One of the challenges of configuring virtual disks with the VIO server is knowing which settings must be changed during setup. I recently had something brought to my attention that should help clarify things.

It's from the IBM Redbook, "PowerVM Virtualization Introduction and Configuration." Go to page 498, and you'll find a diagram listing the different settings that need to be changed at each layer of the virtual environment. The pages that follow offer good explanations of what each setting means and why you'd want to change it. These settings are specifically for vSCSI disks.

Here are the proper settings in the client at the hdisk level:

    algorithm=failover
    reserve_policy=no_reserve
    hcheck_mode=nonactive
    hceck_interval=60
    queue_depth=xxx

Use these settings at the vSCSI client level:

    vscsi_path_to=30
    vscsi_err_recov=fast_fail

Use these settings at the hdisk level on the VIO servers:

    algorithm=load_balance
    reserve_policy=no_reserve
    hcheck_mode=nonactive
    hceck_interval=60

Use these settings for your fscsi devices on the VIO server:

    dyntrk=yes
    fc_err_recov=fast_fail

This Redbook clears up a number of other topics as well. There's an I/O virtualization overview, a planning section and an implementation section with examples. Processor and memory virtualization is covered in a similar manner. In addition, the authors hit on recent PowerVM enhancements, capacity on demand and the System Planning Tool.

To be sure, it's a lengthy document, but I'm willing to bet you will learn something -- likely, many things -- if you take the time to read through it.

Note: On a personal note, nine years ago this week -- July 16, 2007 -- was the date that AIXchange debuted.

For nine years, I've been writing these articles, one week at a time.
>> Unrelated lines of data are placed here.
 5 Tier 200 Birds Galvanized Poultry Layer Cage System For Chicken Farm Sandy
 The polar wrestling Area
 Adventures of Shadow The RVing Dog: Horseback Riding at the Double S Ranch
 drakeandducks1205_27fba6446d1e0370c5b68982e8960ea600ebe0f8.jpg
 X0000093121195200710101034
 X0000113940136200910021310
When I scroll through posts from the fall of 2007, I can see the same themes pop up that still hold my interest today: education and tech conferences, virtualization, the HMC. I even wrote about an early demonstration of Live Partition Mobility.
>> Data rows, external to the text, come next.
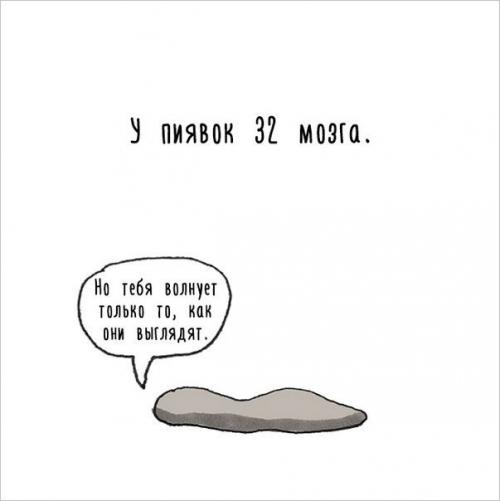 Художница придумала самый милый способ рассказать интересные факты о животных. 02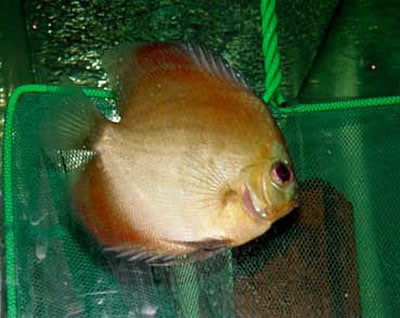 Mandarin Ghost Discus (2 Inches)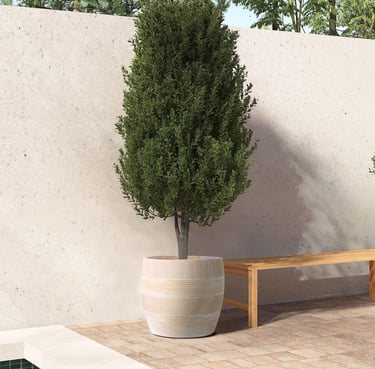 Tall potted topiary tree in a decorative ceramic Olly & Rose planter on a modern patio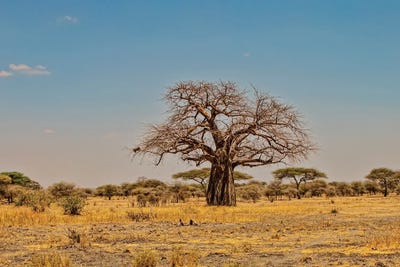 African Baobab Tree by Janet Fikar metal wall art
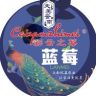 彩云之莓官方旗舰店抖音达人头像
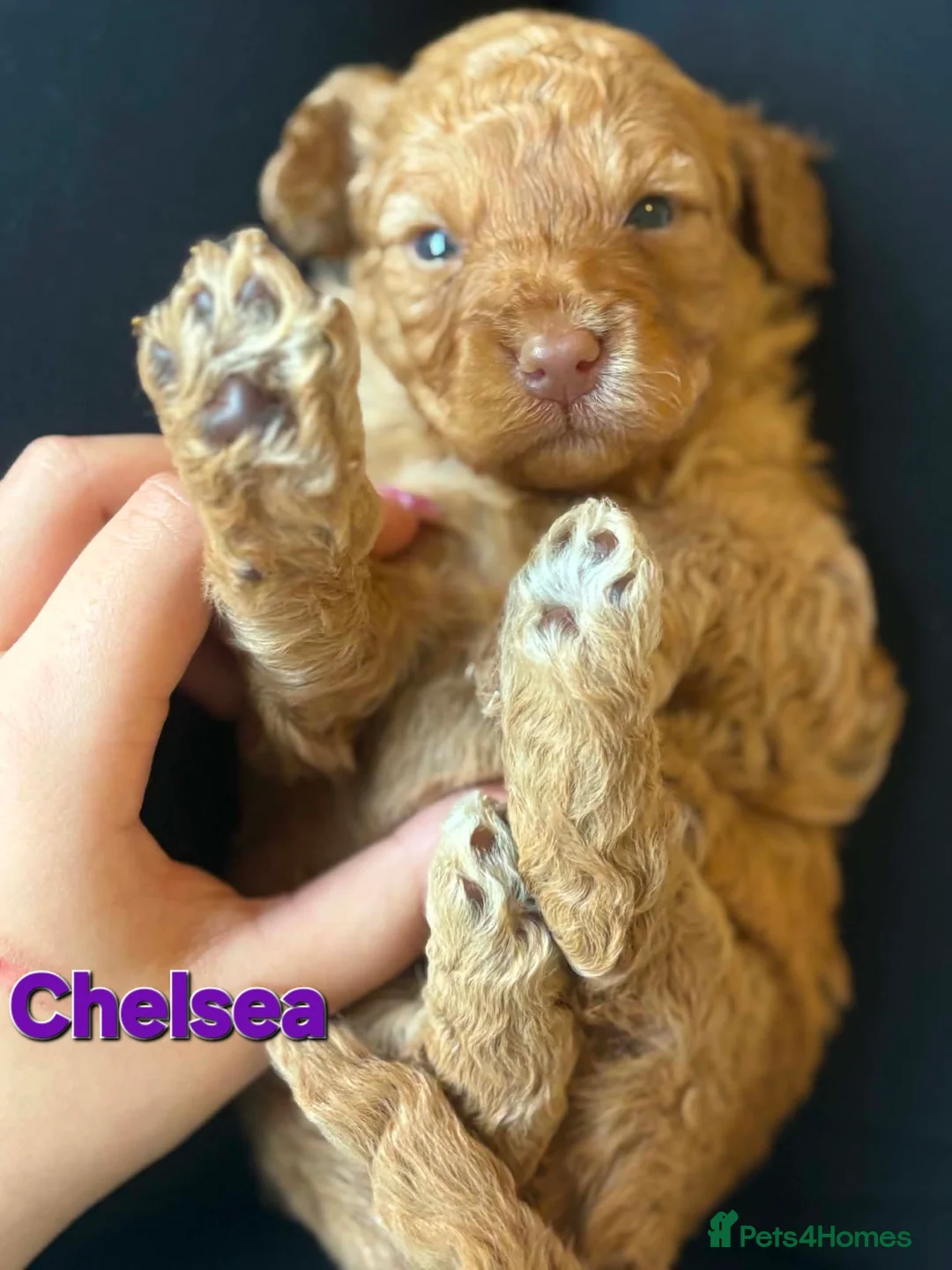 Cockapoo dogs for sale: COCKAPOO PUPPIES LOOKING FOR A HOME  - Advert 2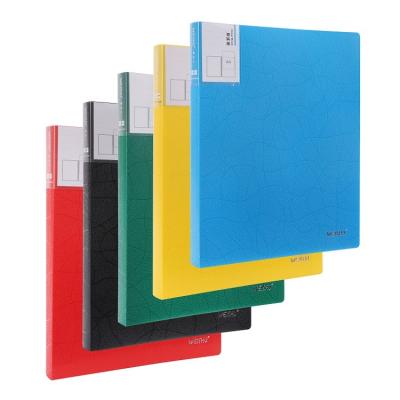 China Durable AFFISURE A4 PP Display Book Document Holder Clear Folder Clear Presentation Folder With Clear Pockets for sale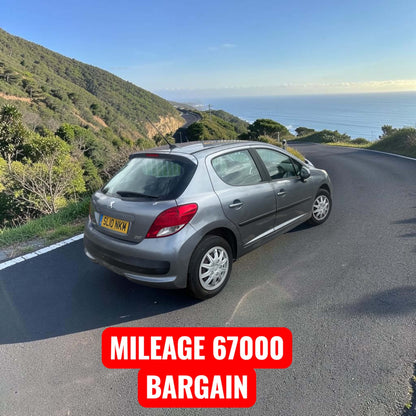 2010-PEUGEOT 207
Over time, I can see my writing "voice" evolve. Numerous times I wonder about you, the reader. The web stats say you're out there. I also know you're out there because occasionally, I'll do a web search and one of my posts that I'd long forgotten about will pop up as the answer to my query. I admit, I feel a sense of accomplishment from this sort of thing.

Still, it would be nice to be able to get a better feel for who you are. How did you find this blog? Which topics most interest you? Why do you keep reading? If you once read this blog but do no longer, why did you stop?

I'm often asked how I find things to write about, but honestly, it isn't that difficult. There's AIX and Linux and IBM i, servers and storage and virtualization, Redbooks and other documentation, and commands and scripts (did I mention I love scripts?). Plus I talk to customers, attend workshops and conferences and follow people on Twitter. There are tons of things to write about.

Of course the technology is ever-evolving, but the basics don't change. We have the best hardware and the best operating systems. We need to virtualize, we need change control, we need to find ways to keep up to date with the technology around us. Hopefully the links and articles I share help you keep up to speed.

I plan to make a bigger deal of the 10-year anniversary in 2017, but for now, let me just say thank you for reading, one week at a time.